The plot is actually a little tense, given that we know Stella isn't the hero's love interest, therefore her life genuinely feels in danger. After all, women and men simply being friends with each-other in a 1940s production? Pshaw! (Yeah, it's kind of a sad indictment of the times!). On the other hand, I feel Voodoo Man throws us into the main events a bit too quickly, with not much in the way of setup. Comparing it to The Corpse Vanishes, this fares less well, as that movie took its time in setting up the threat and what was going on and gradually showing what's happening, and we saw more of Bela interacting with the protagonists before being revealed as evil to them. With everything exposed to us right out of the gate, Voodoo Man kinda ambles around for a while, not really accomplishing anything, or having much in the way of character. The antagonist has got a good motive, if a little played out in these films, but we don't really see much of what else he gets up to. This character is defined simply by trying to resurrect his wife, and I guess we can freely assume he stops like a clockwork mannequin whenever he's not on-screen.

Things do pick up a little in the last act, when the heroes realise something is fishy with the 'kindly' doctor and  hypnotism, but the climax is a disappointment. It's just the same ritual scene we've already seen before, and culminates in a very anticlimactic ending. Ralph is knocked out almost immediately, and it's up to the police to save the day, bursting in with their guns at the ready and gunning down the doctor almost immediately, ending his threat in like one second flat, having faced no difficulty along the way.

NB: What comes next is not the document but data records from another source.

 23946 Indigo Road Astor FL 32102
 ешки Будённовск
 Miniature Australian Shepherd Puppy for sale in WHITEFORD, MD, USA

The characters are merely ok. Stella is spunky but underused, while Ralph isn't as obnoxious as the male leads in these movies could sometimes be (except when he's getting fuel), but ends up as unremarkable (not helped by his inaction in the climax). Not being annoying goes a fair way though.
and Stella have some good chemistry, and I was looking forward to a sleuthing partnership where the two would be a man and woman duo who wouldn't end up falling in love, but just be pals. Unfortunately Stella spends most of her time after being kidnapped in a state of hypnosis, and the ok but less interesting Betty takes over as the sidekick, not that she does much.

Despite his z-grade trappings, Lugosi treats the script with dignity, turning in a performance that's both creepy, and genuinely emotional! George Zucco plays his assistant, and it's an odd role for him. Zucco has such an aristocratic presence to him that seeing him in a more subservient position is an interesting change, if not entirely believable. The guy's voice is just too commanding! As for his part here, it's just plain weird in places, and he seems to vanish at the end. John Carradine plays a shaky and slow-witted hillbilly, and it too is odd, which I put down to the direction. The remainder of the acting can be pretty amateurish, but it's tolerable.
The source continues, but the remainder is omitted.